The Intellectual Property and Science business of Thomson Reuters has announced a collaboration with the National Research Foundation of Korea to make content from the Korean Citation Index (KCI) accessible via the Web of Science, the premier search and discovery platform for the sciences, social sciences, and arts and humanities.
This initiative will bring greater visibility and improved access to valuable research being produced in South Korea, particularly in social sciences and humanities. The KCI content will be made available as a new dataset, the KCI Korean Journal Database, on the Web of Science platform. The KCI Korean Journal Database will seamlessly connect to the leading indices within the Web of Science, including the Data Citation IndexSM, MEDLINE® and BIOSIS Citation IndexSM, enabling researchers to review and analyse the regional content alongside top-tier international literature.
The KCI Korean Journal Database will provide access to text from approximately 2,000 scholarly journals, over 1,800 of which are new to the Web of Science, enabling researchers to view South Korean journals alongside international output.
The addition of the KCI Korean Journal Database to the Web of Science will follow a similar model to that of the SciELO Citation Index, which was integrated within the Web of Science in early 2014, as well as the Chinese Science Citation Database, hosted within the Web of Science since 2008. The inclusion of these databases is part of continuing efforts by Thomson Reuters to further integrate high-quality global content into the Web of Science, spotlight regionally relevant scholarly literature, and identify influential authors and research within rapidly developing research centers. The KCI Korean Journal Database will be accessible to all Web of Science users in the latter part of 2014.

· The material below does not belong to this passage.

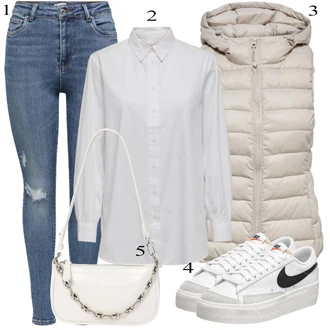 Outfit s Modrá/Bílá/Stříbrný/Světle šedá/Červená Nízká Teniska/Kožené Tenisky/Skate Bota/Teniska na platformě/Vintage Teniska/Letní Tenisky Nike Sportswear "Outfit na podzim"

The addition of the KCI Korean Journal Database to the Web of Science will further highlight South Korea's rapidly growing global performance in scientific research, by increasing the number of indexed papers — produced from 2002 to 2012 — by 127 percent, increasing from 20,755 to 47,066 papers. Physical sciences and engineering are the dominant sectors of South Korea's scientific research portfolio; from 2008 to 2012, the nation's largest world share was in engineering and technology (5.7 percent), followed by physical sciences and astronomy (5 percent), chemical sciences (4.6 percent), and computer and information sciences (4 percent).